▶ [Task brief]: Use the entries below and reproduce exactly the lines from the one containing "3520 N Fort" down to the one containing "UKS Łódź logo", both of them included.
________________________
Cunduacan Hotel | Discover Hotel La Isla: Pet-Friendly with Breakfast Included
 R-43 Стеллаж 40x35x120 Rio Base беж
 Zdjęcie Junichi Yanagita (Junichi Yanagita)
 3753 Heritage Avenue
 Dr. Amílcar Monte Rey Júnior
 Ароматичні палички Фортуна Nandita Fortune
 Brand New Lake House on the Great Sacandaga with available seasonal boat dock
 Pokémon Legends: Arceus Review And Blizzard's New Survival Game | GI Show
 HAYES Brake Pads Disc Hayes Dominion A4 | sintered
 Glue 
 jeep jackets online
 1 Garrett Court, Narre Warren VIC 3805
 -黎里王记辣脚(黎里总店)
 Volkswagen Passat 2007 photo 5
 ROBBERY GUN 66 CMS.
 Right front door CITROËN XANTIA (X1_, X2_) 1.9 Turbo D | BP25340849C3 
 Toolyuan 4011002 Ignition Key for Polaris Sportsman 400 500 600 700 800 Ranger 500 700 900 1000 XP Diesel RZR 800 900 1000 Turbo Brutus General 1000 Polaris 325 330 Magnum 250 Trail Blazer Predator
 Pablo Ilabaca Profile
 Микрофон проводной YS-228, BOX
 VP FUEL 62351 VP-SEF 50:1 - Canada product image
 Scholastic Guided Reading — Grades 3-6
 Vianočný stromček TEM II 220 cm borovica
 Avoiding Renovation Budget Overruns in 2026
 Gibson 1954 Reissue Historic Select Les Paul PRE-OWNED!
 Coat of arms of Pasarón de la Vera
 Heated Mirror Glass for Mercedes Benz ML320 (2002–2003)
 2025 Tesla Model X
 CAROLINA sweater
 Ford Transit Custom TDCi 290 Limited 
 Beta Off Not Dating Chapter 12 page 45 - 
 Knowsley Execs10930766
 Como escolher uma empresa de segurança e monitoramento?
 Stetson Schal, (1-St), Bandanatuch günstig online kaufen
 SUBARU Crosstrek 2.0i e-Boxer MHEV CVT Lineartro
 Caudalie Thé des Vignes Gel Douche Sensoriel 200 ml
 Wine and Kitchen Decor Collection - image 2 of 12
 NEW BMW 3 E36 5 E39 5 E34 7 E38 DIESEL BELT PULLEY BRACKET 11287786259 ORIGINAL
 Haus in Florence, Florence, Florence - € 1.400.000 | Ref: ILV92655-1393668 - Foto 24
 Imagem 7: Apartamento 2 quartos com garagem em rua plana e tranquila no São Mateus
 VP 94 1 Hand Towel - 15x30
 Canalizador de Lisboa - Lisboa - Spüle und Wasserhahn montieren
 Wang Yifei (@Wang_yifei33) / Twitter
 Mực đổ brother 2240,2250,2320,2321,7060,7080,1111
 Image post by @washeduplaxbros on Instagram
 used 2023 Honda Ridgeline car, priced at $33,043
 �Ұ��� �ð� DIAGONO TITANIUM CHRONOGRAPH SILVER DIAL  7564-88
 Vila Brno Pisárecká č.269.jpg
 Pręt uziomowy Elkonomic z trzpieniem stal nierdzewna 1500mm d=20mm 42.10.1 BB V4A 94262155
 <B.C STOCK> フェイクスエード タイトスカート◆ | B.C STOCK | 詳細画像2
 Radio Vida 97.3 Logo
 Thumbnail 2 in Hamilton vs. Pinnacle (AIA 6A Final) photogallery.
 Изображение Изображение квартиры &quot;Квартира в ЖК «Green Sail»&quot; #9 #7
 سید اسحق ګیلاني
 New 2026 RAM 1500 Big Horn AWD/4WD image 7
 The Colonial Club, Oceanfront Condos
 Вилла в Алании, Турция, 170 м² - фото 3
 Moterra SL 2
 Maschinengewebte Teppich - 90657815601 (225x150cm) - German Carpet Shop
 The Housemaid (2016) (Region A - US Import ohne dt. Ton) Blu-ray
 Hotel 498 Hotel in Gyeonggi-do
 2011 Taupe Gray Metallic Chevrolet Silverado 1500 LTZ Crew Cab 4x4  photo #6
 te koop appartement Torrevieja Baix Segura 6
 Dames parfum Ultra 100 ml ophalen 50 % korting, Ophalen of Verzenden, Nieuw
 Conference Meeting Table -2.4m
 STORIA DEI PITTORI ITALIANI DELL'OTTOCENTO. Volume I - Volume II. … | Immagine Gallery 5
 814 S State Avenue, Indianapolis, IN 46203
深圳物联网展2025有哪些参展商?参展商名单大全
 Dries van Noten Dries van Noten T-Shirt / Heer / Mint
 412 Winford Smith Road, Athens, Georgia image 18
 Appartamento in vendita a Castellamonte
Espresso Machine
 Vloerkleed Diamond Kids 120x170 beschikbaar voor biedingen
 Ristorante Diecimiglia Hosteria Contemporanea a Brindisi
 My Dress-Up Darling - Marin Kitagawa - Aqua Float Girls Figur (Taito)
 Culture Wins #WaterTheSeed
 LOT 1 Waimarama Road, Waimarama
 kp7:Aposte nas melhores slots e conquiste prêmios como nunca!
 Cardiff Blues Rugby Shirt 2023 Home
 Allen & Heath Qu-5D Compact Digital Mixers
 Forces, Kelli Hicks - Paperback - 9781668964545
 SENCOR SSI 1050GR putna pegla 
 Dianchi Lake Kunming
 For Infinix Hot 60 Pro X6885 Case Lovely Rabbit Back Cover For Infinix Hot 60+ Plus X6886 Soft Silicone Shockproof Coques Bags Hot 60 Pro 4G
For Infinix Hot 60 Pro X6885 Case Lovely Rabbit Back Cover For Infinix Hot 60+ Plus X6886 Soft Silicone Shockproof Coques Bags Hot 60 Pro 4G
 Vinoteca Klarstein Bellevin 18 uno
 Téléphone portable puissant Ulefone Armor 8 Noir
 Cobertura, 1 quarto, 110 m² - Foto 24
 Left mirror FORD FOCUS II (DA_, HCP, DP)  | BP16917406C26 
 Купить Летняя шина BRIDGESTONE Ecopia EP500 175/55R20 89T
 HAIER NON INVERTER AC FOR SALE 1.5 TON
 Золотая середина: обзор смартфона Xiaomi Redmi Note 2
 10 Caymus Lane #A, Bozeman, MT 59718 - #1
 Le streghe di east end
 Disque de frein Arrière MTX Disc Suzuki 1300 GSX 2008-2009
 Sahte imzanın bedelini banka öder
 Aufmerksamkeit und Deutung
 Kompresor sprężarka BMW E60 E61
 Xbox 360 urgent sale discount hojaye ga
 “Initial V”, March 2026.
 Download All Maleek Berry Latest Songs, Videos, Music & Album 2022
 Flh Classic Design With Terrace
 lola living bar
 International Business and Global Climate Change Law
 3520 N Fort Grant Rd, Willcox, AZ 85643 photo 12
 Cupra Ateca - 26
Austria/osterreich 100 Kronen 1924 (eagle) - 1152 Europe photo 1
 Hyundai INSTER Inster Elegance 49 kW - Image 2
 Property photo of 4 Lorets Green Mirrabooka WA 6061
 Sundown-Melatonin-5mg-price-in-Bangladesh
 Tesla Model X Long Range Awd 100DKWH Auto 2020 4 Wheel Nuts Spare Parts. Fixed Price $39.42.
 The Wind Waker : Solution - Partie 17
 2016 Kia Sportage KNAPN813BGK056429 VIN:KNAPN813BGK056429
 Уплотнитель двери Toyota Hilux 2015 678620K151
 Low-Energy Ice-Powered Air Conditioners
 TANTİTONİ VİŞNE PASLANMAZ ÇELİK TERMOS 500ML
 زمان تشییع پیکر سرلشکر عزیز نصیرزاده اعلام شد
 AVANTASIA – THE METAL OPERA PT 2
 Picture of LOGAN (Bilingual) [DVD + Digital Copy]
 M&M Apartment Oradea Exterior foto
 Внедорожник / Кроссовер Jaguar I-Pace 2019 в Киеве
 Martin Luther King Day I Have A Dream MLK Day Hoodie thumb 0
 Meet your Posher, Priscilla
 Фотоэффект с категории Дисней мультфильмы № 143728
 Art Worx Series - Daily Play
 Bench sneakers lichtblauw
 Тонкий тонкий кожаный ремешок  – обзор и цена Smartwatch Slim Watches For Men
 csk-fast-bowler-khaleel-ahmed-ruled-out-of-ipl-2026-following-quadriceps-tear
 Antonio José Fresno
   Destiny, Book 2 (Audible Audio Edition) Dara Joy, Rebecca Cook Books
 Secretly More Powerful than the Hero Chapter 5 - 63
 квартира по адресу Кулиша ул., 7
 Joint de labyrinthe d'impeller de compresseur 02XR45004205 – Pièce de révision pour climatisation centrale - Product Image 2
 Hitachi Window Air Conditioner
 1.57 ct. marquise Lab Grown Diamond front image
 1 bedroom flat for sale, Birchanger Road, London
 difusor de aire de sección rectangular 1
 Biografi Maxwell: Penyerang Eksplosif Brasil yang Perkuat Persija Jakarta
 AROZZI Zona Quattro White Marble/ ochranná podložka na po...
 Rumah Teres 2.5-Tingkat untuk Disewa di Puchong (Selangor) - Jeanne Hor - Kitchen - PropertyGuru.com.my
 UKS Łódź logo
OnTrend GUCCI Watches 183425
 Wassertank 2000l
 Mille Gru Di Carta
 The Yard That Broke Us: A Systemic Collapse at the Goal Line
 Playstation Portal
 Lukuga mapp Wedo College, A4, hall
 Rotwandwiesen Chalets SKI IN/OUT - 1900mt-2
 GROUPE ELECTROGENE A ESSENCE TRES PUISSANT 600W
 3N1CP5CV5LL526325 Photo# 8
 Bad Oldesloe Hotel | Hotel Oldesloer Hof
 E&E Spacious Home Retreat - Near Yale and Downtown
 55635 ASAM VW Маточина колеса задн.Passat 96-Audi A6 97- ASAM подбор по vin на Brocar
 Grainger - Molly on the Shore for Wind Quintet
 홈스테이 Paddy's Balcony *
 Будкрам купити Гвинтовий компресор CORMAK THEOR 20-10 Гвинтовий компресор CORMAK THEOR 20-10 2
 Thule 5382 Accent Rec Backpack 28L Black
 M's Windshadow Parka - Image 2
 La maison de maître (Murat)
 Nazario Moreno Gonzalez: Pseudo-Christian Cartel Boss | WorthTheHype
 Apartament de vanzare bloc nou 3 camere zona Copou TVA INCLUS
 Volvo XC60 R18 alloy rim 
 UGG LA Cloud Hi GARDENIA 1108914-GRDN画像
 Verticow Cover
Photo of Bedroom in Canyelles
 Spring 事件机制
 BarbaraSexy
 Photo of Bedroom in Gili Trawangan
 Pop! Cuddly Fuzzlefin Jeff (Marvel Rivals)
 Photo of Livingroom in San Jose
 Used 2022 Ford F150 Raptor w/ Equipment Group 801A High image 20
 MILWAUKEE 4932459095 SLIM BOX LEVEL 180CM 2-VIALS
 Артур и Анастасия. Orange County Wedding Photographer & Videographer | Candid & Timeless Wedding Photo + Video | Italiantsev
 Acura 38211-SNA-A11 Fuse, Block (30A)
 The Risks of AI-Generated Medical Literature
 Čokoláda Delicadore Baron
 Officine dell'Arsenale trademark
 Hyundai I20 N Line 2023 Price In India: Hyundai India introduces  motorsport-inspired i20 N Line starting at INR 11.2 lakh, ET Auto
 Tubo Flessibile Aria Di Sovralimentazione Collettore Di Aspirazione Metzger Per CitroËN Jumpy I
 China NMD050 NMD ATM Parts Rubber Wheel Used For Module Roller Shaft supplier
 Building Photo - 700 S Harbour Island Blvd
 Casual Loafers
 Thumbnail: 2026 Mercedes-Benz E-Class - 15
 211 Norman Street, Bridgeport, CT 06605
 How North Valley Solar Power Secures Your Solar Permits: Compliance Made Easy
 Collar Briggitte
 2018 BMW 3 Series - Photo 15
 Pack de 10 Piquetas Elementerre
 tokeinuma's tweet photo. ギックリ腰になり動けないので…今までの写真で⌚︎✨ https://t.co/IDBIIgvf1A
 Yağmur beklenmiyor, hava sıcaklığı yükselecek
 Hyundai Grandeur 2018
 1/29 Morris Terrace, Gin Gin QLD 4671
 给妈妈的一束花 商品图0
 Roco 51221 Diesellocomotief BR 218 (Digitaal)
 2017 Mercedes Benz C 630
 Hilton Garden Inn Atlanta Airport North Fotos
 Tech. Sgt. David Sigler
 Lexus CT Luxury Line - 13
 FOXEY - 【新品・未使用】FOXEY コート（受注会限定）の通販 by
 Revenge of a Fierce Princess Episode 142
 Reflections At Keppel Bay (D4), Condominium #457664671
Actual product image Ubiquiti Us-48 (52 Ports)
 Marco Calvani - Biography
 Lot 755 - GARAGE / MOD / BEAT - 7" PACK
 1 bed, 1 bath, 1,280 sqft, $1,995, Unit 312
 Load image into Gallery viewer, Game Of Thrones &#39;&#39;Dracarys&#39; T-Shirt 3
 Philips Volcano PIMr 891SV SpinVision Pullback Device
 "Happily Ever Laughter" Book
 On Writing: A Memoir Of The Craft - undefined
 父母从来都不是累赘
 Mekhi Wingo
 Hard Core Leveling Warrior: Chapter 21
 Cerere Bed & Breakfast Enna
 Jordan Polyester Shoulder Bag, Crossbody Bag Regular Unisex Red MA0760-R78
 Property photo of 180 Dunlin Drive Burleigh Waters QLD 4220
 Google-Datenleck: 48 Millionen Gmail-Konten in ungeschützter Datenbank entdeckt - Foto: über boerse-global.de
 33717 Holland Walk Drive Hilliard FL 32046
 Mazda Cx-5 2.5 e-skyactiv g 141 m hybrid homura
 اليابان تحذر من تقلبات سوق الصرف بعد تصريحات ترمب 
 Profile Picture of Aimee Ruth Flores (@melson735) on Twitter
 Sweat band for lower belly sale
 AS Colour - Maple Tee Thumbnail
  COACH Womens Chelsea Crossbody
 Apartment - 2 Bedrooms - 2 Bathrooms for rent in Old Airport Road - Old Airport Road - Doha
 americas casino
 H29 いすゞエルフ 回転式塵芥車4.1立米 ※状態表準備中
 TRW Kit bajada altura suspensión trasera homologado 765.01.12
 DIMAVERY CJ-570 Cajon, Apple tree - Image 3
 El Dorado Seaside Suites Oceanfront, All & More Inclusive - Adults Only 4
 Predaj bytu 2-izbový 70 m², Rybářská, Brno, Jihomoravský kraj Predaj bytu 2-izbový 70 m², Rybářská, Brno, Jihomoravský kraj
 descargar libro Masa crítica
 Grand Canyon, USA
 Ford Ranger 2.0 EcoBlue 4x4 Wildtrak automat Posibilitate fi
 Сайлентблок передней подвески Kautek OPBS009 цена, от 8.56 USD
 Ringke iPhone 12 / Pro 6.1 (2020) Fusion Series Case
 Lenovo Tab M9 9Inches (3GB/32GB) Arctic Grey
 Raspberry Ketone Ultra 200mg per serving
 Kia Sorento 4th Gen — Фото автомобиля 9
________________________
▶ [Response]:
 3520 N Fort Grant Rd, Willcox, AZ 85643 photo 12
 Cupra Ateca - 26
Austria/osterreich 100 Kronen 1924 (eagle) - 1152 Europe photo 1
 Hyundai INSTER Inster Elegance 49 kW - Image 2
 Property photo of 4 Lorets Green Mirrabooka WA 6061
 Sundown-Melatonin-5mg-price-in-Bangladesh
 Tesla Model X Long Range Awd 100DKWH Auto 2020 4 Wheel Nuts Spare Parts. Fixed Price $39.42.
 The Wind Waker : Solution - Partie 17
 2016 Kia Sportage KNAPN813BGK056429 VIN:KNAPN813BGK056429
 Уплотнитель двери Toyota Hilux 2015 678620K151
 Low-Energy Ice-Powered Air Conditioners
 TANTİTONİ VİŞNE PASLANMAZ ÇELİK TERMOS 500ML
 زمان تشییع پیکر سرلشکر عزیز نصیرزاده اعلام شد
 AVANTASIA – THE METAL OPERA PT 2
 Picture of LOGAN (Bilingual) [DVD + Digital Copy]
 M&M Apartment Oradea Exterior foto
 Внедорожник / Кроссовер Jaguar I-Pace 2019 в Киеве
 Martin Luther King Day I Have A Dream MLK Day Hoodie thumb 0
 Meet your Posher, Priscilla
 Фотоэффект с категории Дисней мультфильмы № 143728
 Art Worx Series - Daily Play
 Bench sneakers lichtblauw
 Тонкий тонкий кожаный ремешок  – обзор и цена Smartwatch Slim Watches For Men
 csk-fast-bowler-khaleel-ahmed-ruled-out-of-ipl-2026-following-quadriceps-tear
 Antonio José Fresno
   Destiny, Book 2 (Audible Audio Edition) Dara Joy, Rebecca Cook Books
 Secretly More Powerful than the Hero Chapter 5 - 63
 квартира по адресу Кулиша ул., 7
 Joint de labyrinthe d'impeller de compresseur 02XR45004205 – Pièce de révision pour climatisation centrale - Product Image 2
 Hitachi Window Air Conditioner
 1.57 ct. marquise Lab Grown Diamond front image
 1 bedroom flat for sale, Birchanger Road, London
 difusor de aire de sección rectangular 1
 Biografi Maxwell: Penyerang Eksplosif Brasil yang Perkuat Persija Jakarta
 AROZZI Zona Quattro White Marble/ ochranná podložka na po...
 Rumah Teres 2.5-Tingkat untuk Disewa di Puchong (Selangor) - Jeanne Hor - Kitchen - PropertyGuru.com.my
 UKS Łódź logo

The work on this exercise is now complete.